(Records from a dataset)
⁂
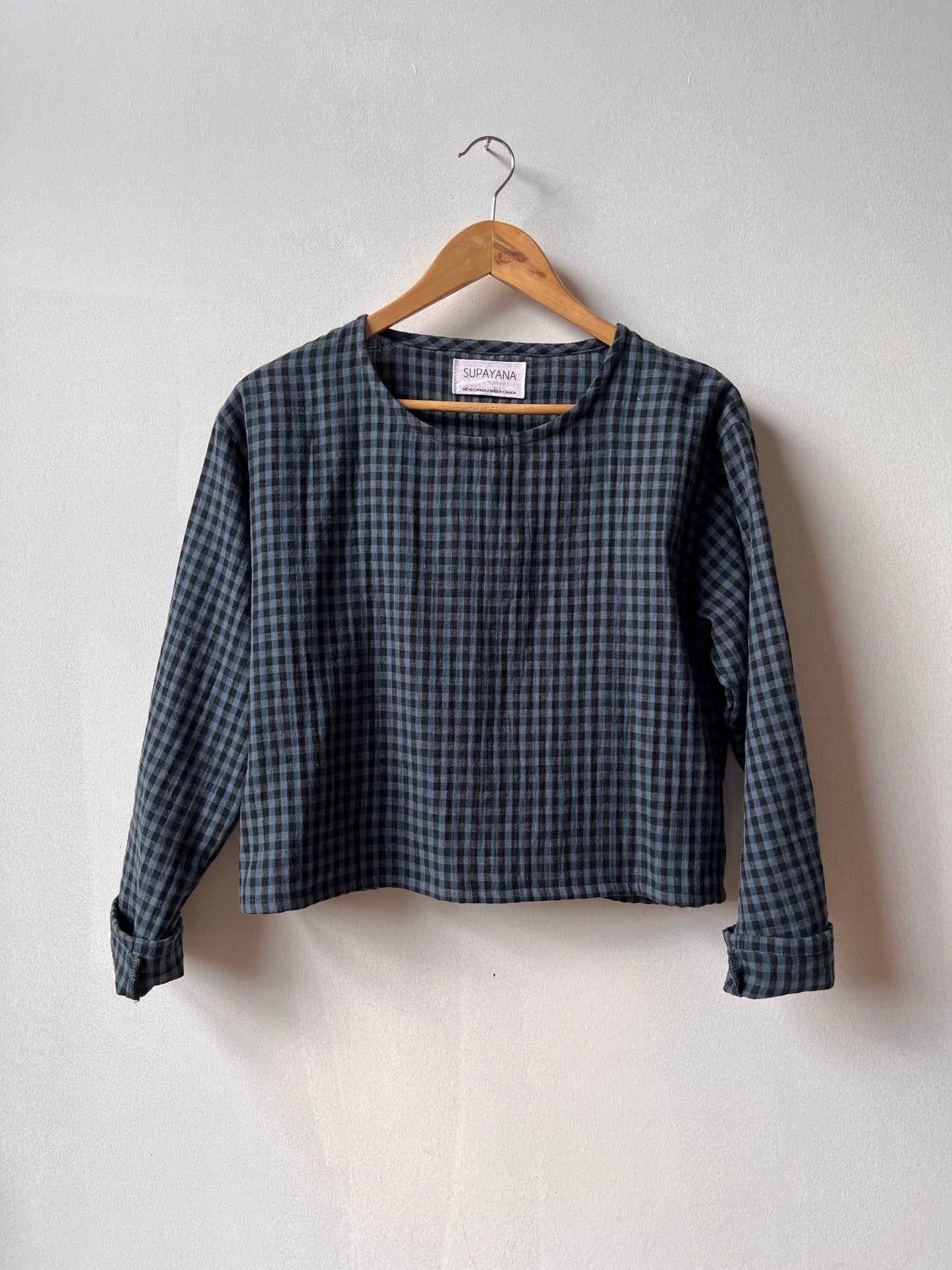 Organic cotton double gauze boxy top- Midnight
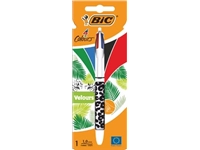 Een Bic Colours Velours 4-kleurenbalpen, medium, klassieke inktkleuren, verschillende motieven, op blister koop je bij Muys Kantoor & Kado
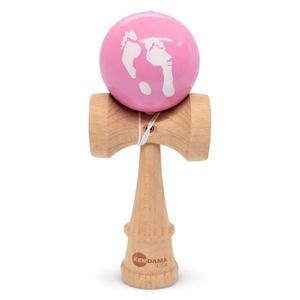 Kendama din Lemn Natural cu Bilă Roz Design Amprentă, Jucărie de Îndemânare, 18 cm imagine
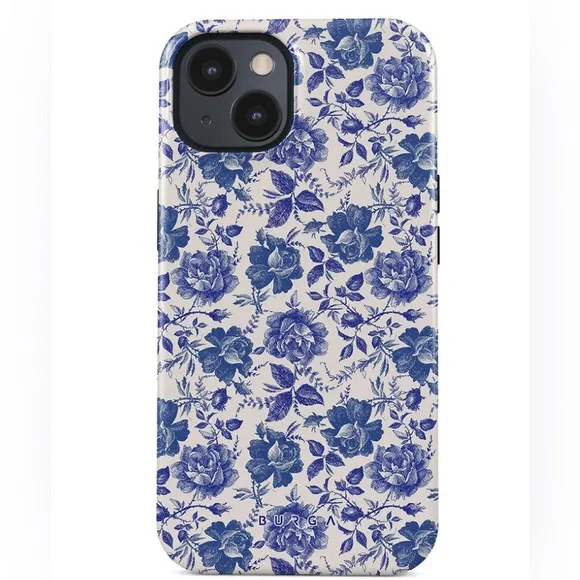 BURGA: BLUE FLORAL PHONE CASE (IPHONE 15) - Picture 1 of 5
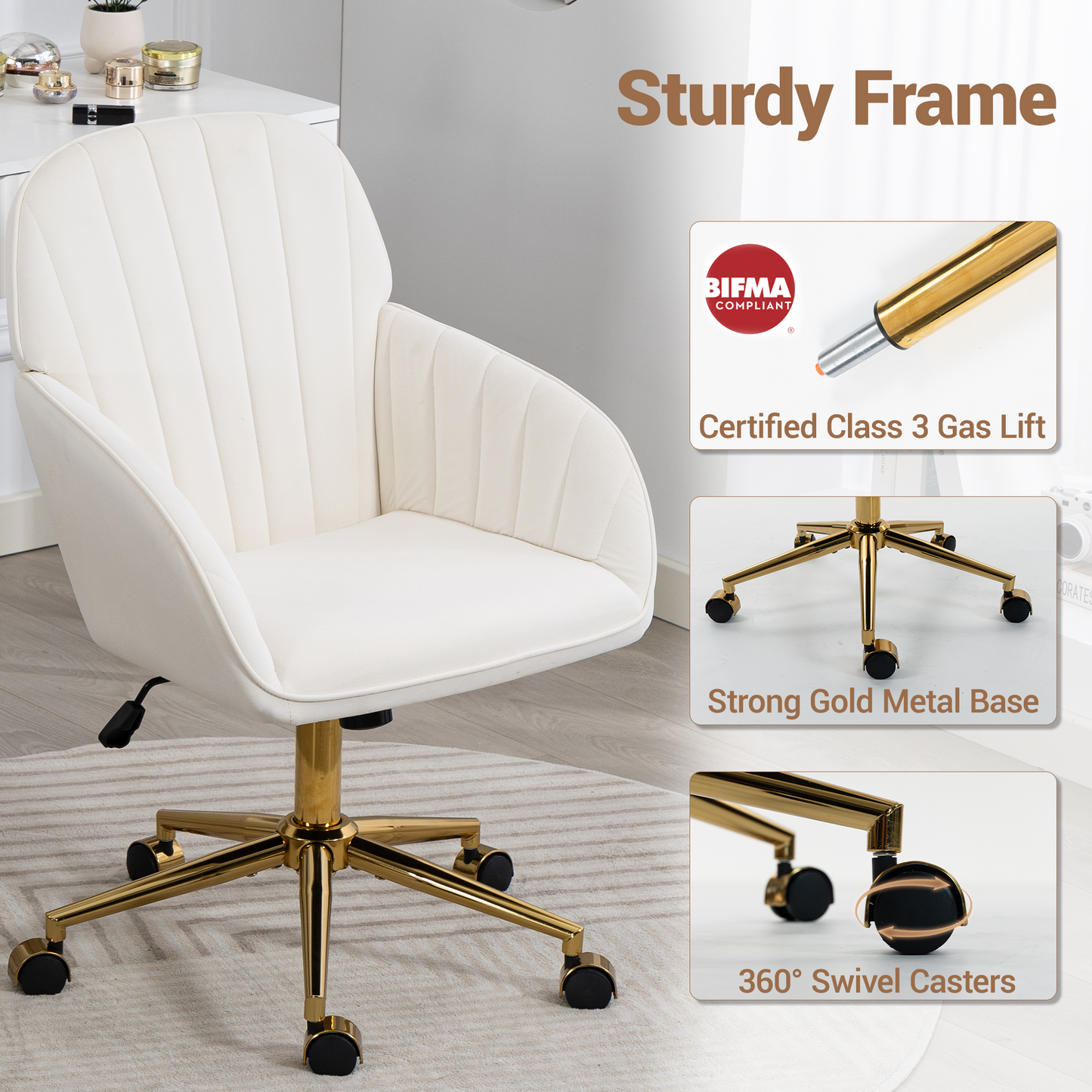 DELMANGO Velvet Adjustable Desk Chair with Gold Base & Wheels, Modern Swivel Vanity Office Chair for Home, Living Room, Bedroom & Study, Beige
⁂
Nothing should appear in the answer except the lines from the first line of the data through the line holding "BURGA: BLUE FLORAL", exactly as written, with pictures left out.

> [RESPONSE TO THE EXERCISE]:
 Organic cotton double gauze boxy top- Midnight
 Een Bic Colours Velours 4-kleurenbalpen, medium, klassieke inktkleuren, verschillende motieven, op blister koop je bij Muys Kantoor & Kado
 Kendama din Lemn Natural cu Bilă Roz Design Amprentă, Jucărie de Îndemânare, 18 cm imagine
 BURGA: BLUE FLORAL PHONE CASE (IPHONE 15) - Picture 1 of 5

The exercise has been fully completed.